Fed Chair Christopher Warsh took the helm for his first policy meeting on June 15, 2026, holding the benchmark rate at 4.50% and signaling a 'higher-for-longer' stance that has rattled bond markets. However, the real story is in the tail: Citadel Securities and macro hedge funds are now pricing in a 40% probability of a rate hike as soon as September, a dramatic shift from late-May expectations of a July cut. This hawkish repricing stems from persistent inflation readings and the realization that geopolitical relief (the Iran ceasefire) may not be enough to bend the inflation curve downward quickly.

Treasury yields have responded swiftly. The 10-year note (TLT) fell 12 basis points in immediate aftermath of the hold, but bond options traders are deeply divided on the near-term path, with some hedging for rapid cuts and others positioning for hikes. Volatility in the eurodollar curve has spiked as traders recalibrate terminal rate expectations. The euro-area is experiencing similar pressures: ECB Governing Council member Gabriel Makhlouf warned that lingering price pressures will persist despite the Iran deal, suggesting the ECB will also remain biased toward tightening.
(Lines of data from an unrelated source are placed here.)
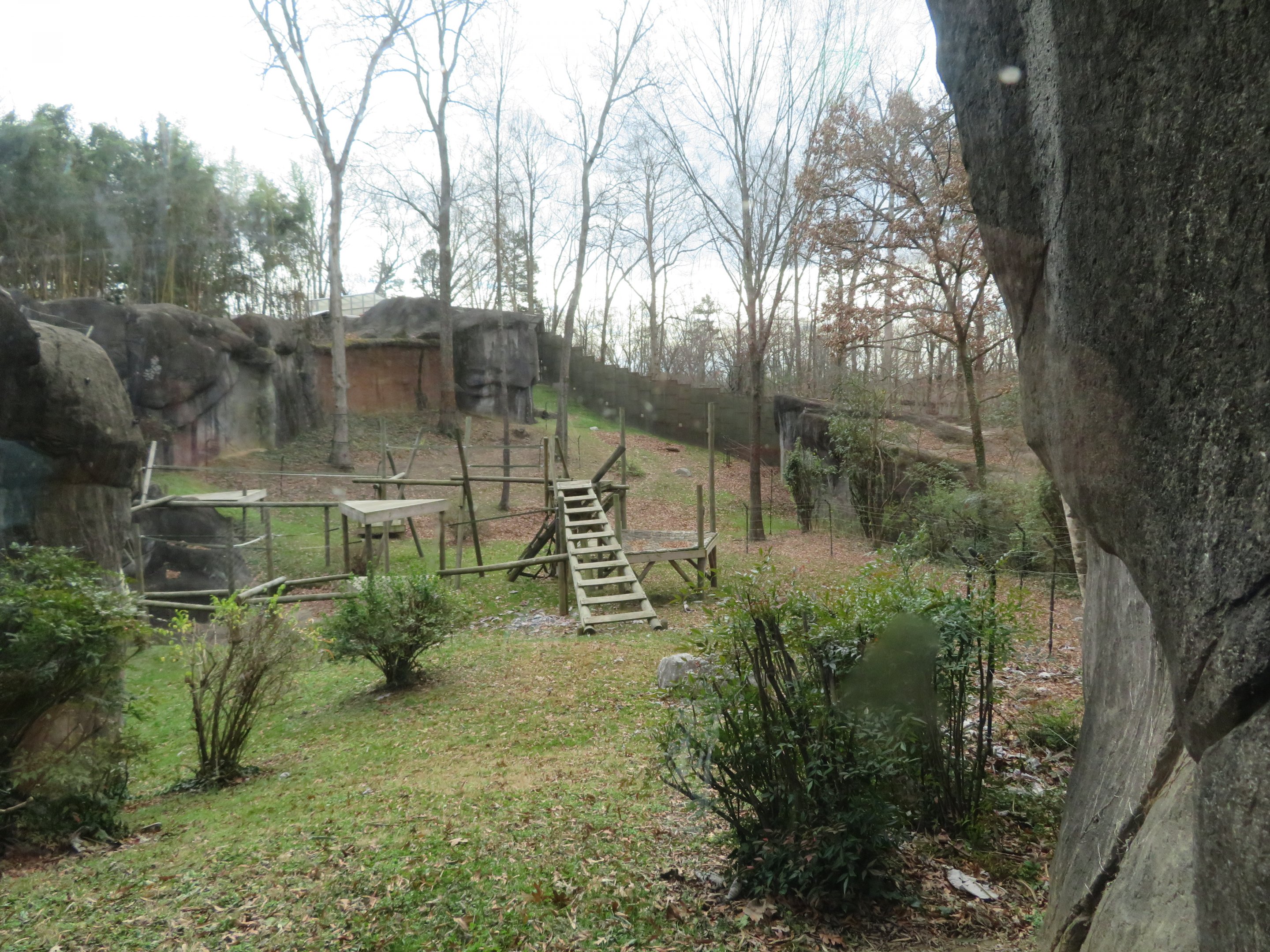 Gorilla Outdoor Exhibit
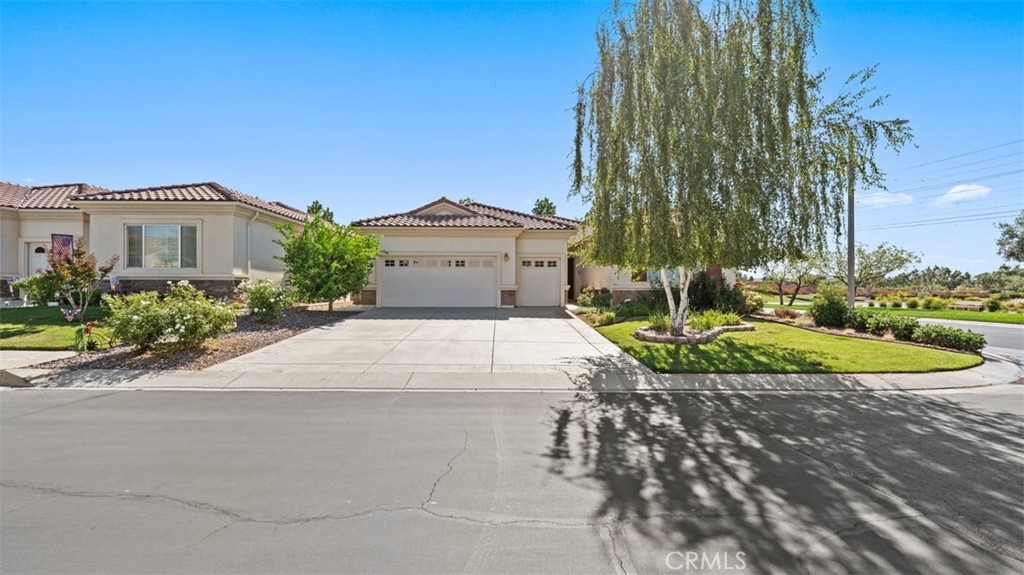 1706 Brittney Road Beaumont, CA 92223 - Photo 4 of 44 a view of a house with a yard and potted plants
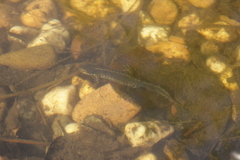 Ichthyosaura alpestris alpestris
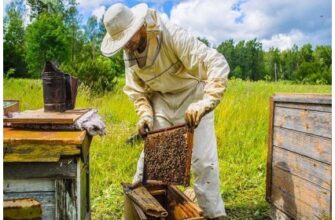 Бджолиний інвентар - все що треба знати пасічнику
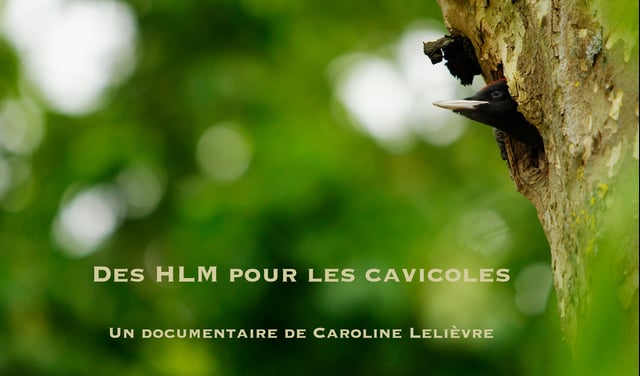 Documentaire Des HLM pour les cavicoles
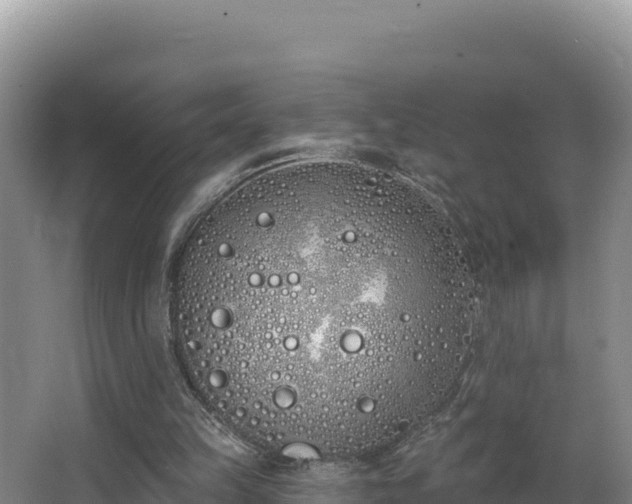 X0000062840149200601171454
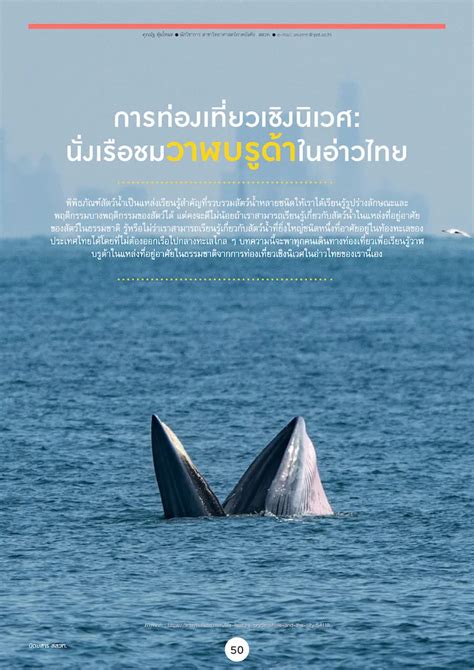 การท่องเที่ยวเชิงนิเวศ นั่งเรือชมวาฬบรูด้าในอ่าวไทย สถาบันส่งเสริม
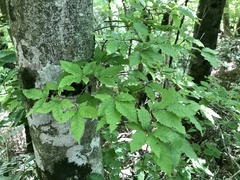 Fagus crenata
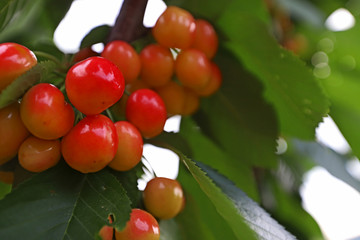 Cherry trees on sifil Mountain in Turkey / Izmir.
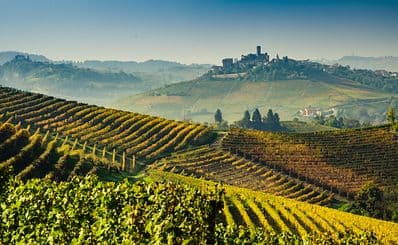 Wine Tours in Langhe Region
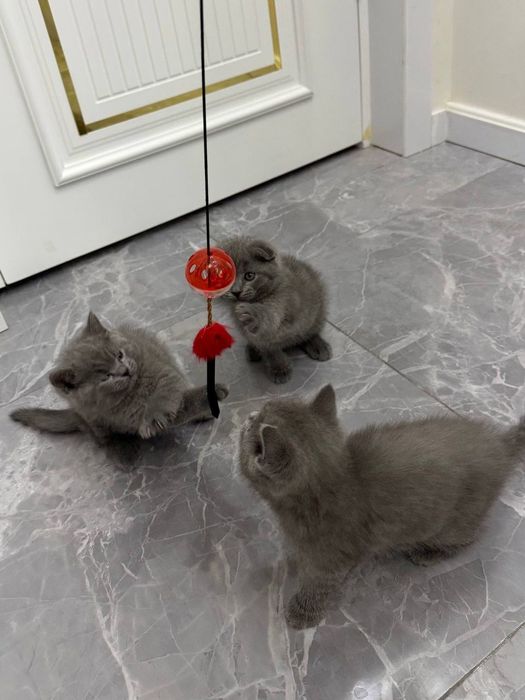 Британские котята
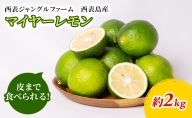 【2023年発送】マイヤーレモン （島レモン）約2kg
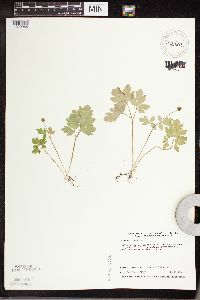 Adoxa moschatellina image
Warsh's communication style is under scrutiny. Markets have noted a degree of opacity compared to predecessor Powell, with fewer explicit guidance signals and more reliance on data-dependent rhetoric. This ambiguity is driving option market activity; traders are paying up for volatility around future Fed communications and employment data. The spread between 2-year and 10-year yields remains inverted, but the inversion is flattening as short-end rates rise on hike odds.

The debate among professionals centers on whether inflation is truly persistent or transient. Skeptics point out that commodities have fallen sharply (oil down 20%+ from highs), yet core inflation remains elevated. If wage pressures continue to feed through service-sector inflation, the Fed may be forced to hike despite slowing growth in manufacturing (ISM at 49.2) and housing (starts at 2020 lows). A recession-with-inflation dynamic would be the nightmare scenario for Warsh's Fed.